A hybrid view seems possible to me: immanent tele are coordinated in terms of a transcendent ultimate objective telos. Christian Aristotelianism does hold something along those lines, I take it? It's how the independent study of nature is to be made reasonable, since it hardly makes sense to think you can really focus on just the study of Plants if you truly *must* apprehend their place in a greater metaphysical order.
They do but in a way which verges on the ad hoc. The suggestion of our immanent tele being directed towards an ultimate transcendent end is in tension with otherwise central Christian ideas such as the distinction between the Natural and Supernatural orders and the nature of Grace. This is why Thomas is so keen to deny that human beings have any natural capacity for the Beatific Vision.

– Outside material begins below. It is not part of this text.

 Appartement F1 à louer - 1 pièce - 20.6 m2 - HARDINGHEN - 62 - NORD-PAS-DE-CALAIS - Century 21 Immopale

For the orthodox Catholic at least notions like Original Sin and eternal non-retributive separation from God begin to look very suspect if union with God is considered a natural end as opposed to a gratuitous gift.
I am not questioning the necessity of immanent teleology as a fundamental feature of the world, only the extent to which we derivation of axiological meaning from that teleology. Aristotelian ethics are predominantly immanent in aim, they focus on ‘this worldly’ ends in the form of social flourishing wherein that is understood in a sense derived from biological and zoological facts.
One can claim that in terms of ultimate metaphysics one cannot have immanent teleology and therefore Aristotelean ethics with a transcendent ground – this is after all the claim the Fifth Way seeks to establish – but that strikes me as irrelevant to the discussion at hand. A Utilitarian who endorsed the PSR Cosmological Argument could equally claim that Utilitarianism implicitly implies the truth of that argument since if there are to be contingent agents in the first place there need be a necessary being to ultimately explain their existence; their opponent though will just point out that these begs the question in favour of the PSR argument’s truth which is precisely what they deny. Likewise the atheist or even ‘Deist’ Aristotelian will just deny the reasoning from immanent to transcendent teleology and keep the ethics without having to make any revision to said ethical system in itself.